Mizuki Nishiyama is a London-based, mixed-Japanese artist who creates raw and confrontational artworks spanning paintings, sculptures, tapestries, poetry, and performances that explore the fragile human condition.
Nishiyama notably conducts dialogues and critiques the socio-politics of the female experience by incorporating the artist's Japanese paternal soil, which has buried her military ancestors since the 1400s, into her works, where she reevaluates ancestry, patriarchy, and time.
Exploring ideas of purity, femininity, Shintoism, and trauma; the artist utilises the elements of the world, and responds to what it means to be a woman today. The premise of the work begins with soil that the artist excavated from her paternal land in Japan; which dates back to the 1400s where her military ancestors (including members who committed Seppuku ritual suicides), and members that shaped Shintoism (Yoshida family; constructing the foundation of purification within the religion).

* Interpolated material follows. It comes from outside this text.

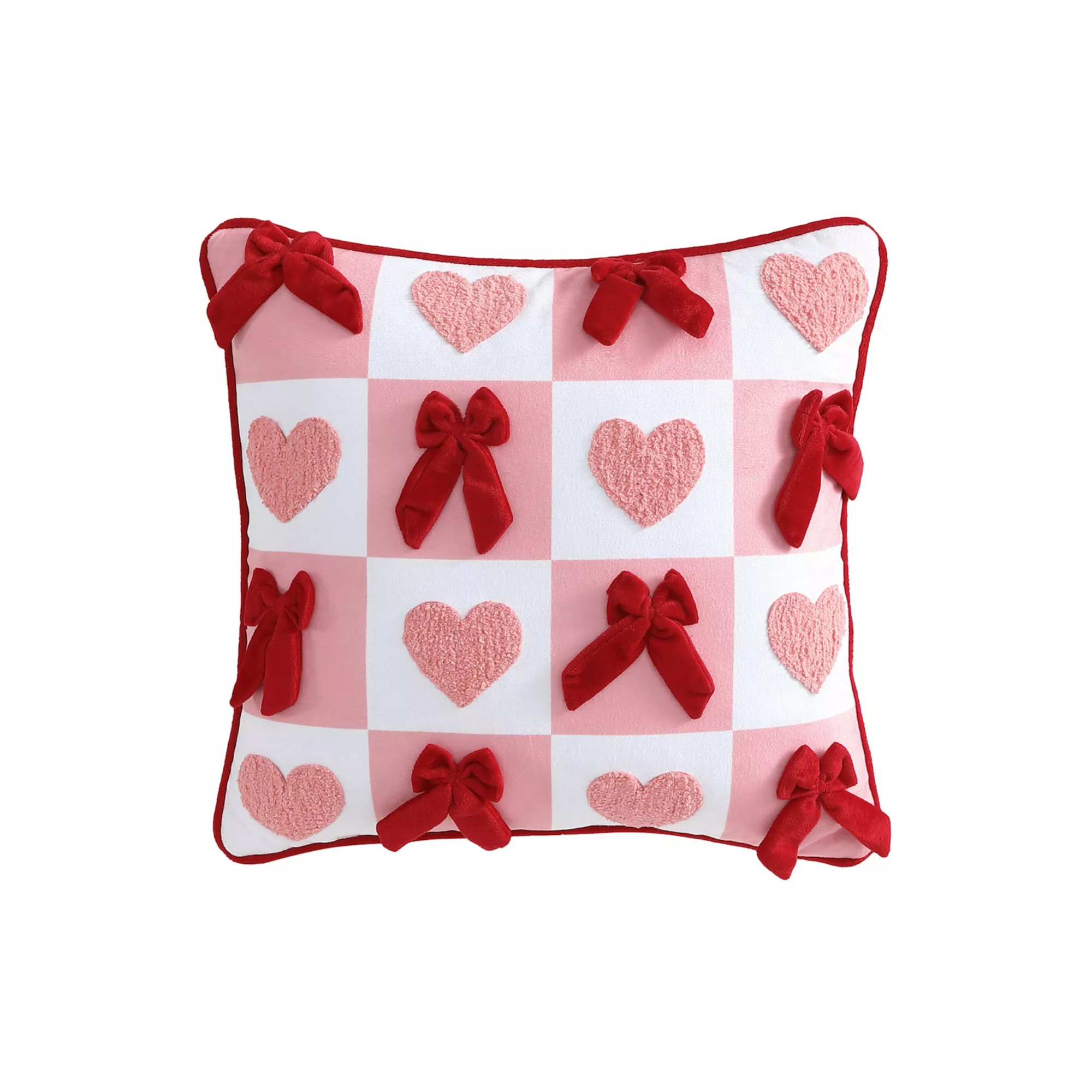 Celebrate Together™ Valentine's Day Bow Check Decorative Throw Pillow | Kohl's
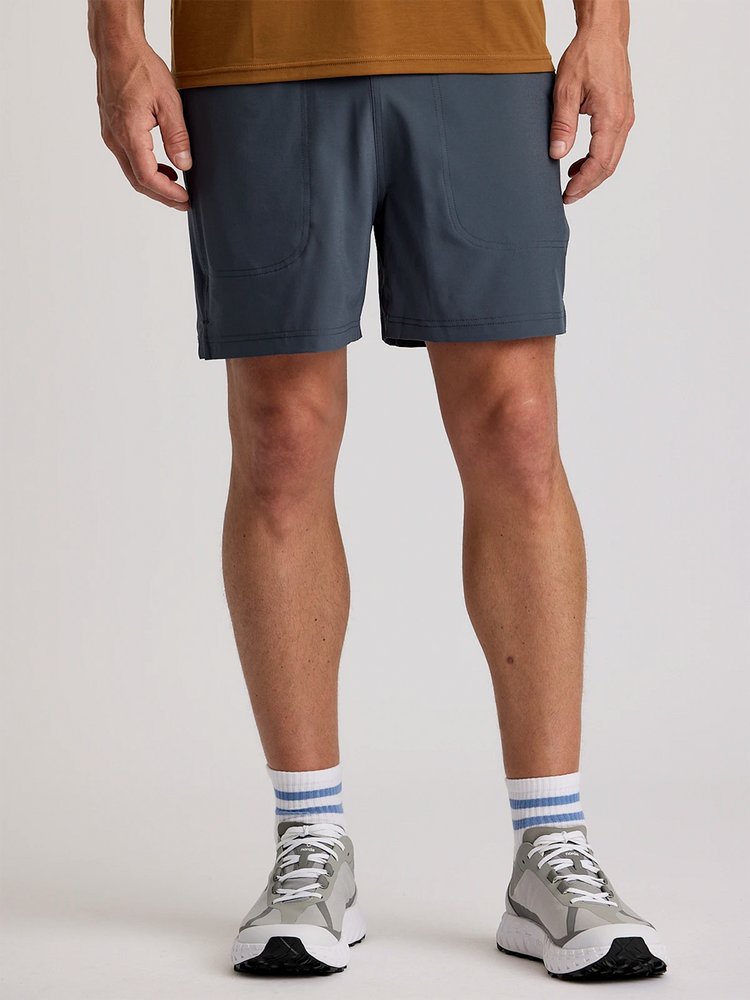 Men's Bamboo-Lined Active Breeze Short – 5.5" - Storm Cloud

In the tapestries, Nishiyama is inspired by the concept of Kami; translating to "God", which holds no visual representation in Shintoism - only through Shide (white folded pieces of paper). White organic fabrics were first sourced, then burned (fire) to commence God and patriarchy to death, the fabrics were then buried in the ancestral soil (earth) for months, new life was given as they were pulled back out to be soaked in Japanese immune boosting teas (water), naturally weathered in London's (air), and finally treated with traditional Japanese distressing and sewing techniques; Sashiko and Boro; to construct and respond to past, present, and future narratives of existence, and the female narrative of the East and West.
In the paintings, Nishiyama incorporates the same soil as well as a deliberate knife cutting technique to slice through viscous oil pigments on canvas to depict violence and tranquility. Embracing deeply personal experiences to craft each artwork, the artist’s ongoing relationship with reproductive health and trauma has greatly influenced her practice and fueled her to confront vulnerability, fragility and the human condition. Creating is a chaotic yet meditative process for Nishiyama that allows her to make sense of the more tempestuous periods in life as well as continue to merge interdisciplinary thoughts and mediums to visualize the contemporary experience.
As a mixed-Japanese artist, Nishiyama draws inspiration from the East and West. Bridging her Hong Kong, Japanese and Italian cultural heritages.
Nishiyama holds a Masters of Fine Arts degree from Central Saint Martins and a Bachelors of Fine Arts degree from Parsons School of Design.
Her solo exhibitions include Shunga (2020) at Whitestone Gallery Hong Kong, An Exploration of Human Fragility: Love & Lust (2020) at the Tenri Cultural Institute of New York, and 脆い Moroi: An Exploration of Human Fragility (2019) at Greenpoint Gallery New York.